Eppure il suo contributo al dibattito sulla trasformazione del nostro centro storico è importante.

Prima di tutto per la sua opera straordinaria. “La mia Torre dei Venti – dice Toyo Ito– era stata costruita come struttura per la ventilazione di un centro commerciale sepolto nel sottosuolo. Ho nascosto quello scatolone di calcestruzzo in un cilindro di pannelli forati di alluminio. La Torre perde così la sua presenza fisica dopo il tramonto e si trasforma in un fenomeno di luce”.

Costruita in un caotico nodo urbano al centro di Yokohama, la Torre è il suo capolavoro immateriale, una “non costruzione” che evapora, si trasforma, danza con le luci regolate da un computer, allude ad un mondo dove l’immagine percepita dalla retina sostituisce la realtà fisica delle cose.

Ito canta lo stupore e la poesia del virtuale, è il futurista del nuovo millennio.

Ma la Torre, cancellando un mostro urbano alto 21 metri, è anche un piccolo monumento civile, la geniale soluzione, adatta al luogo, di un problema reale. È necessaria. Ed è il prodotto, occorre notare, di una committenza illuminata che ha individuato il problema e intuito la soluzione.

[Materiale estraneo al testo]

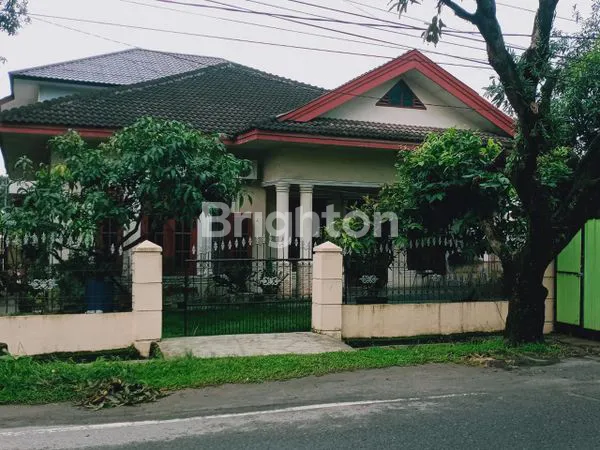 image RUMAH MEWAH LT 387 DI MEDAN JOHOR, 8 KT & 5 KM (2)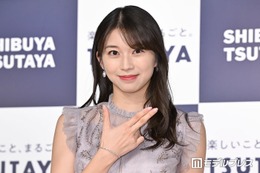 卒業発表のモー娘。牧野真莉愛、新庄剛志監督の顔プリントTシャツ×美脚際立つミニスカ姿で球場ショット「日ハム愛溢れてる」「隠しきれないアイドルオーラ」 画像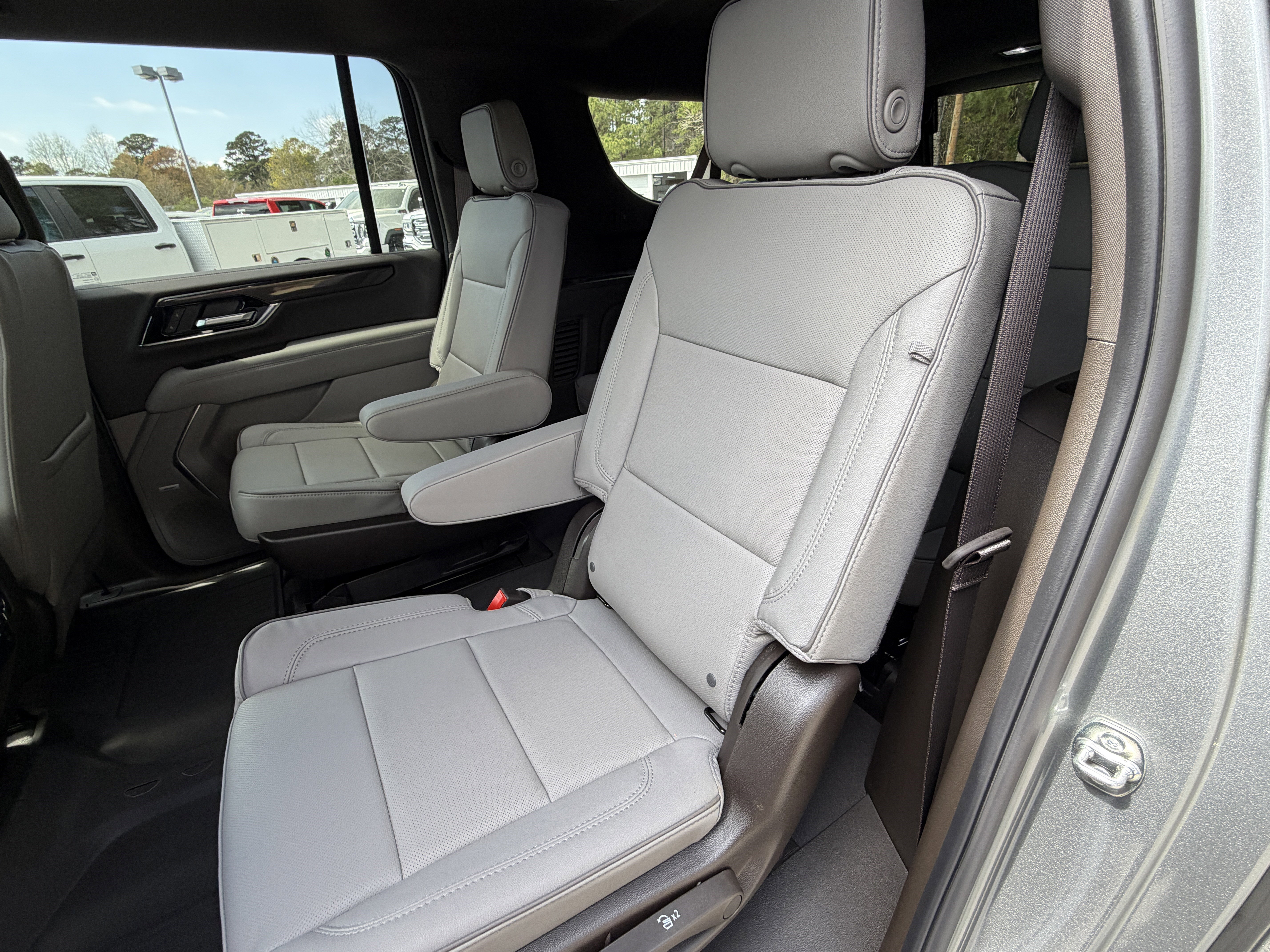 New 2026 GMC Yukon XL Elevation RWD image 17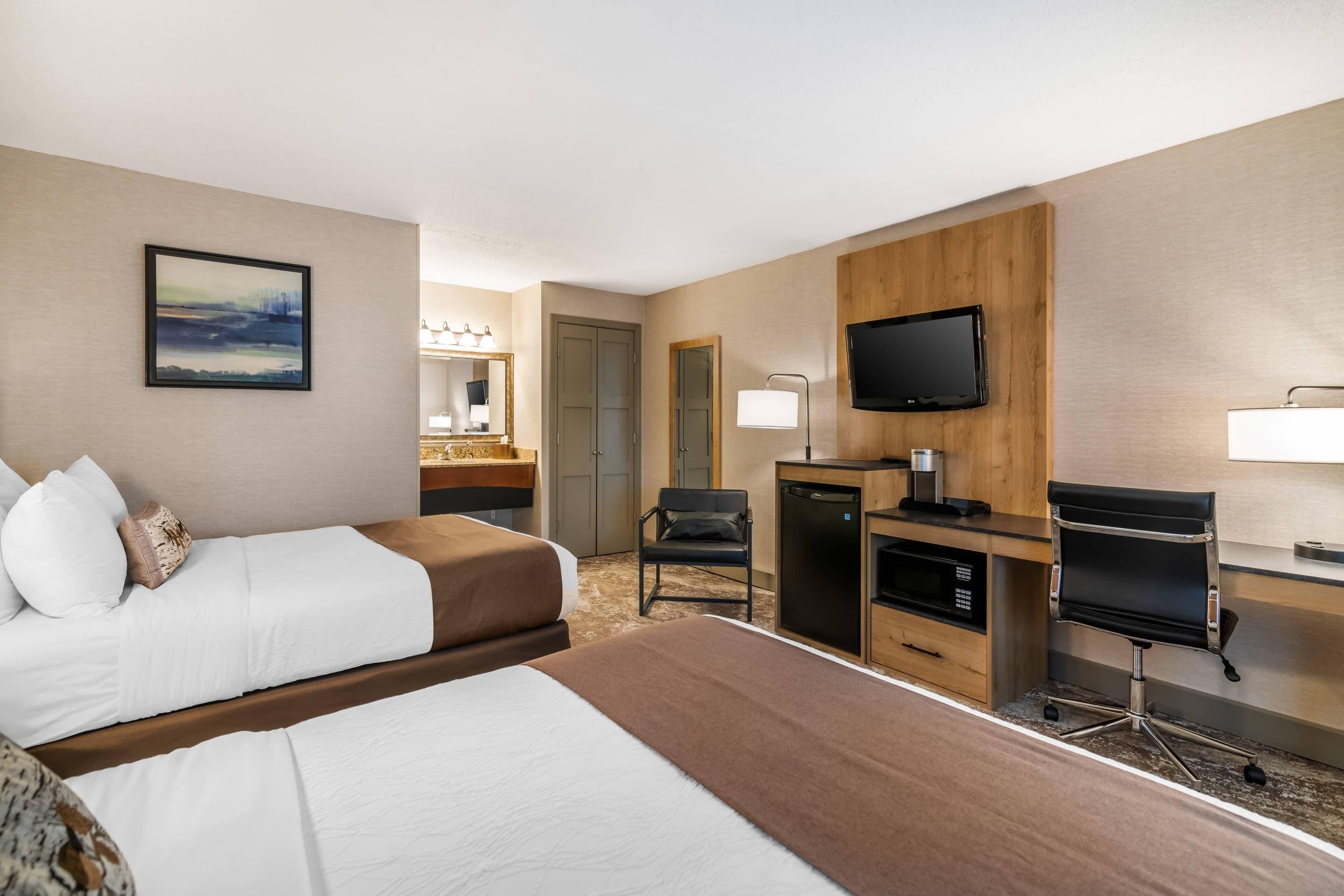 Standard-Doppelzimmer, 2 Doppelbetten, Nichtraucher | Allergikerbettwaren, Schreibtisch, laptopgeeigneter Arbeitsplatz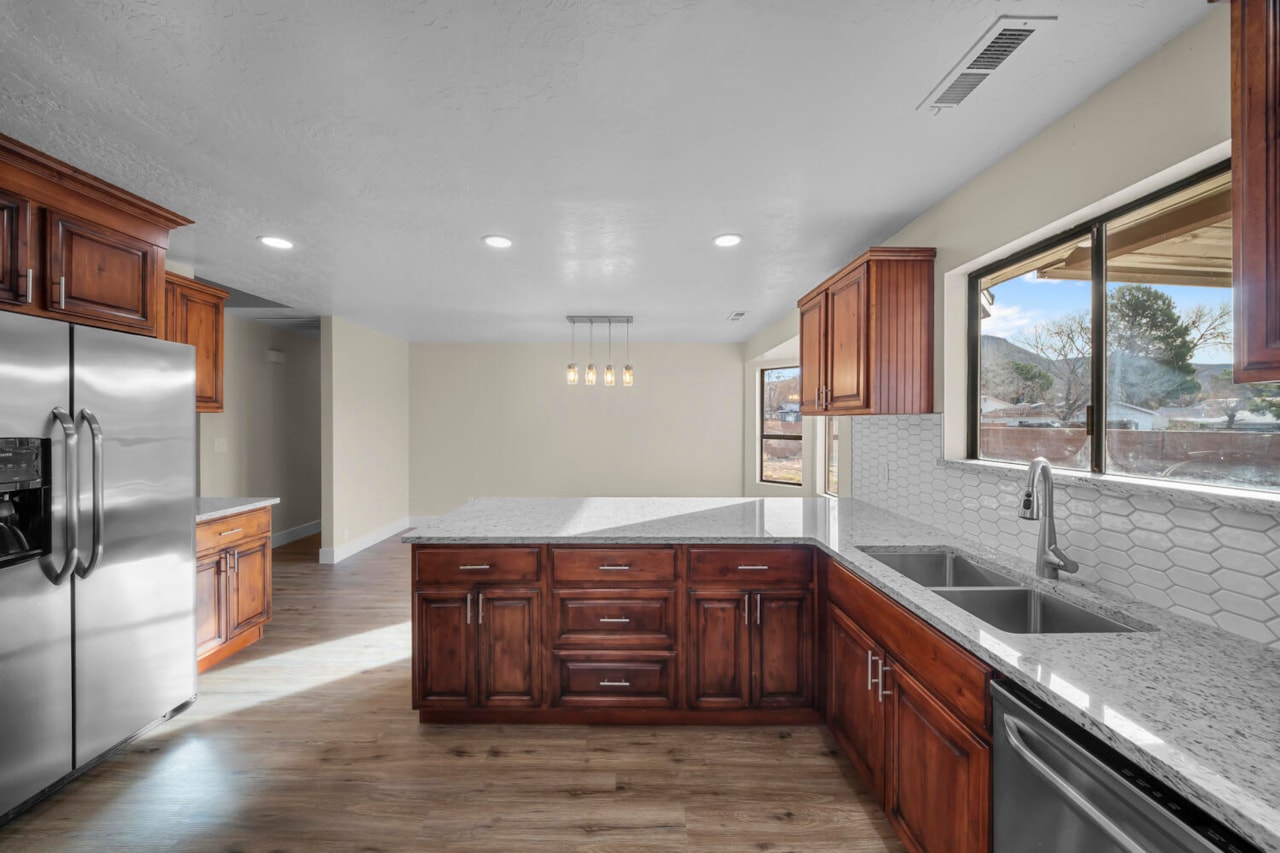 1313 W 750  N St George, UT 84770 home for sale, MLS#25-267695 - Erika Rogers Photo 12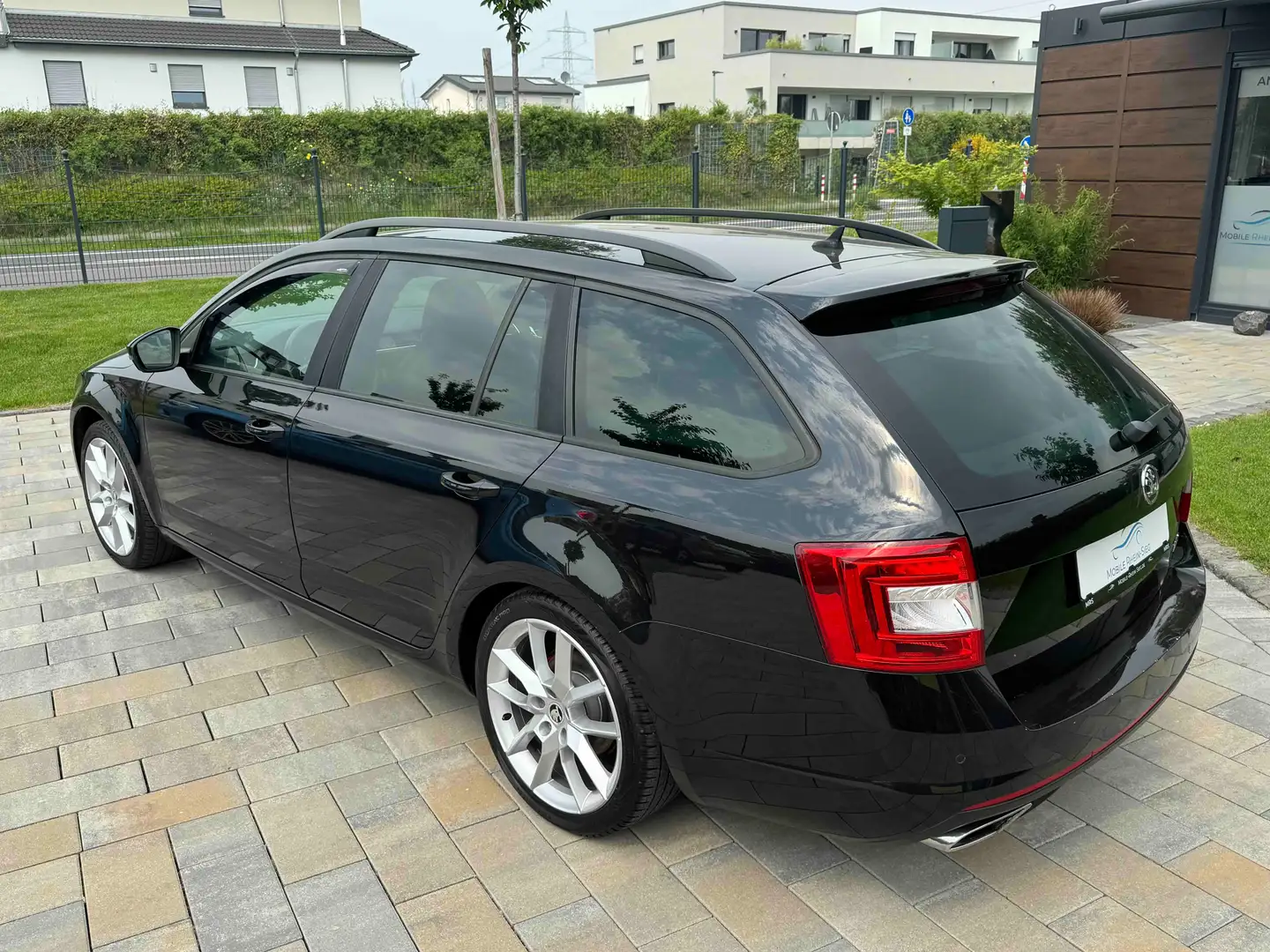 Skoda Octavia RS Combi 2.0 TSI *2Hand*PDC*DAB*AHK*SHZ* Schwarz - 2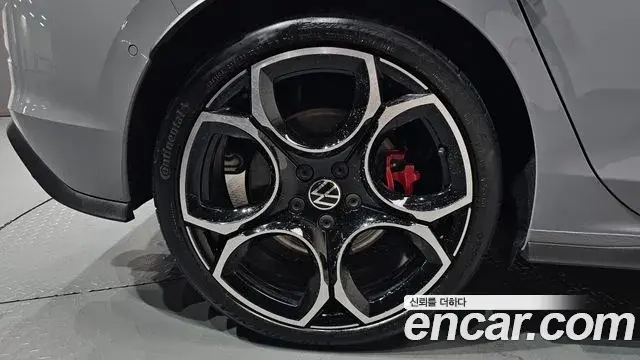 Volkswagen Golf 2026 — ფოტო 15/41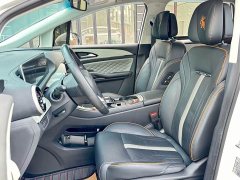 Dongfeng Fengxing Yacht 1.5T DCT Moon-Embracing Edition - ფოტო 11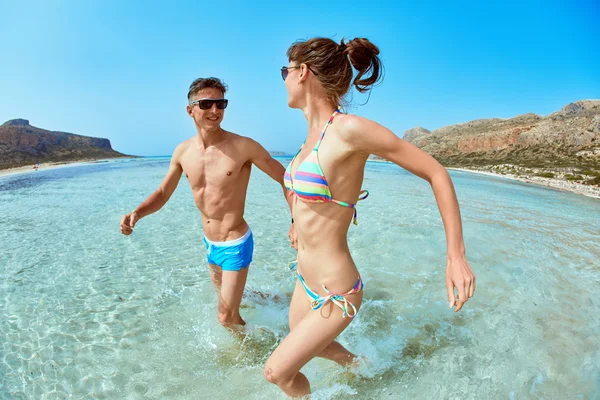 Casal na praia. — Fotografia de Stock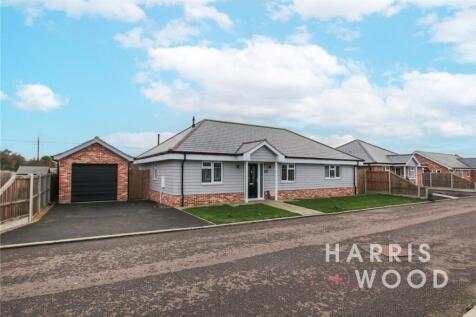 3 bedroom detached bungalow for sale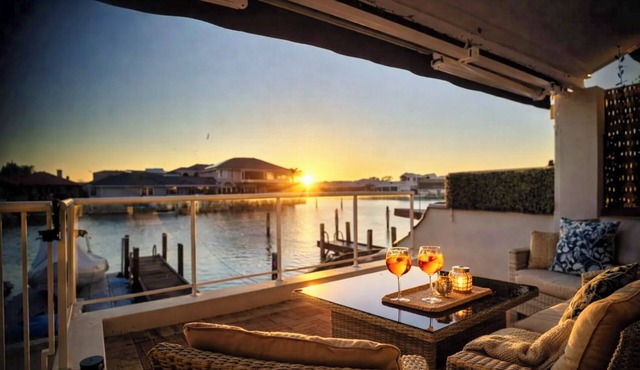 Waterfront Canal Retreat | Jetty, Kayaks & Dolphin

Per mesi architetti famosi, di passaggio in questa città, ci hanno esposto le virtù taumaturgiche dei loro progetti per svecchiare il nostro “polveroso” centro storico.

Ito, artista estremo e raffinato architetto della provocazione, ha invece fatto un’affermazione che dovrebbe far riflettere gli acritici entusiasti dell’architettura globalizzata: «Io traccio certe forme, il mio lavoro è conosciuto. Se mi dovessero chiamare e premiare in un concorso i committenti saprebbero cosa farei nel contesto romano». Come dire, le scelte sulla trasformazione della città sono vostre. Io vendo ordigni dirompenti. Sta a voi sapere cosa farne.

Il candore delle dichiarazioni di Ito riporta il problema nei suoi termini reali, che non è quello di cercare l’impossibile alibi di autorità super partes, ma di decidere la forma della città futura assumendosene la piena responsabilità: se decenni di battaglie condotte dalla sinistra italiana in difesa della cultura dei centri storici e del loro coerente rinnovamento possano essere svendute a favore di un’imitazione provinciale della City londinese o di città cinesi in vorticosa trasformazione.